Aynı zamanda, belirlenen mükellef gruplarına özel müfettiş atamaları yapılarak sahada denetim öncesi bilgilendirme süreci başlatıldı. Bu adım sayesinde hem müfettiş-mükellef iletişimi güçlendirilecek hem de denetim süreçleri daha verimli yürütülecek.
Beyanların ardından yapılan değerlendirmeler ışığında, risk algısı değişen ve gerekli uyumu sağlayan mükellefler sistemden çıkarılacak. Böylece sınırlı denetim kapasitesi, gerçekten riskli olan mükellefler üzerinde daha etkin şekilde kullanılacak.
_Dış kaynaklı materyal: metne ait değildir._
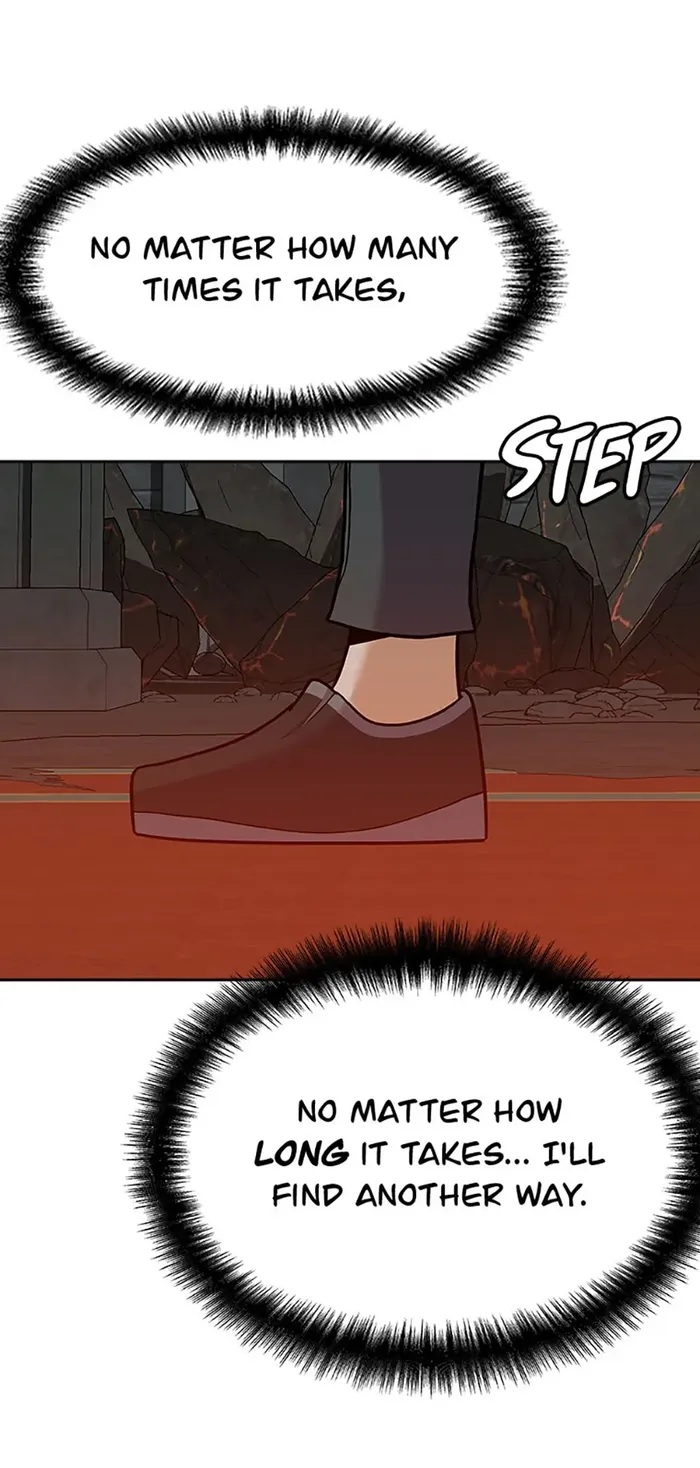 Page 11 of Chapter 58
Bakan Şimşek: “Vergide Gönüllü Uyumu Artırmayı Hedefliyoruz”
Konuya ilişkin değerlendirmede bulunan Hazine ve Maliye Bakanı Mehmet Şimşek, kayıt dışı ekonomiyle mücadelenin kararlılıkla sürdüğünü vurguladı.
“Amacımız, ileri analiz teknikleri, saha denetimleri ve izaha davet mekanizmasıyla vergiye gönüllü uyumu artırmak. Tüm mükelleflerimizi, Maliye kapılarını çalmadan bu sürece dahil olmaya davet ediyorum. Riskli görülen ve ileride yüksek cezai müeyyidelerle karşılaşmak istemeyen mükelleflerimizi, izaha bekliyoruz.”
Bu adım, Türkiye’de vergi denetiminde teknolojik analiz ve risk odaklı yaklaşımın güçlendiğini gösteriyor. Özellikle gönüllü uyumu teşvik eden yapılar, hem işletmelerin cezalardan kaçınmasını sağlıyor hem de devletin denetim kaynaklarını daha verimli kullanmasına imkan tanıyor. Vergi denetim süreçlerinde “önleyici” bir yaklaşımın yaygınlaştırılması, ekonomide şeffaflık ve adalet açısından önemli bir adım.